Additional Responsibilities:

• Negotiates site requested changes to the Confidential Disclosure Agreement; checks investigators and IEC/IRBs against exclusion databases, IEC/IRB registrations and alerts. Alerts LTM of any Prepares Trial Center File and prepare or co-ordinate the development of any other document and review them for completeness and accuracy.
• May be assigned to assist in document review for outsourced trials.
• Supports the LTM in drug management.
• Provides administrative support to the LTM/SM in tracking progress of drug importation, CoA distribution, budget, mailing and correspondence and other relevant tasks as appropriate.

Principal Relationships:

• Primary Reporting Structure: Reports to Functional Manager.
• Primary Interfaces: Functional Manager, Local Trial Manager and Site Manager(s) for assigned clinical studies.
• Other Internal Interfaces: LTM, SM, Quality & Compliance Manager/Specialist, Contracts and Grants, Clinical Trial Assistant team, CSC.
• External Interfaces: Investigators and their delegates at site.

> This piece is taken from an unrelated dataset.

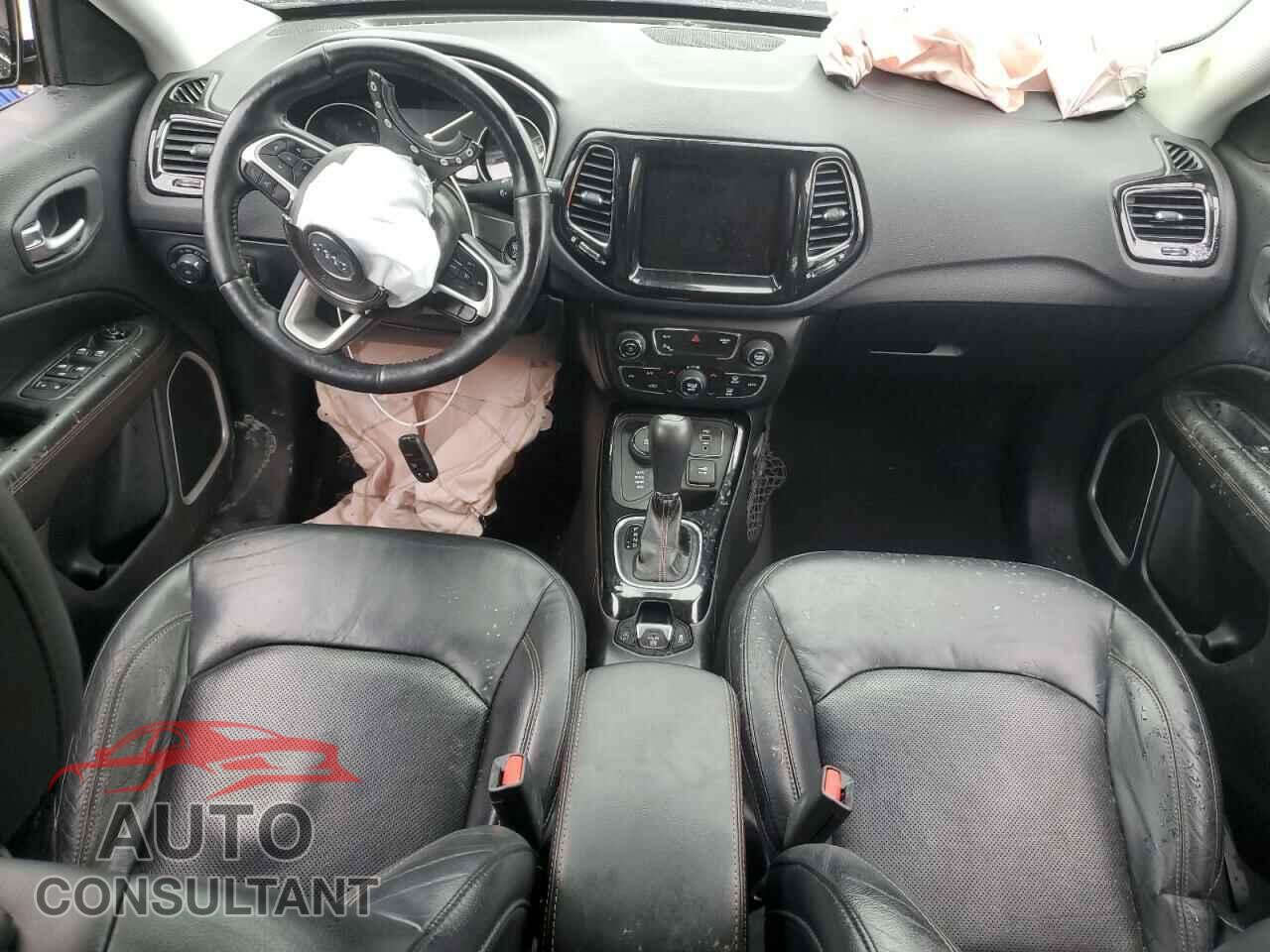 JEEP COMPASS 2017 - 3C4NJDCB1HT688564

Education and Experience Requirements:

• A minimum of a BA/BS degree is preferred.
• Skills set corresponding with preferentially 4+ years’ relevant clinical trial experience or equivalent.
• Proficient in English language.
• Strong knowledge with MS Office (Word, Excel, Access, Outlook, Explorer and PowerPoint).
• Strong interpersonal and negotiating skills. Excellent organizational skills and the ability to collaborate and handle multiple priorities within a matrix environment.
• Perform activities in a timely and accurate manner.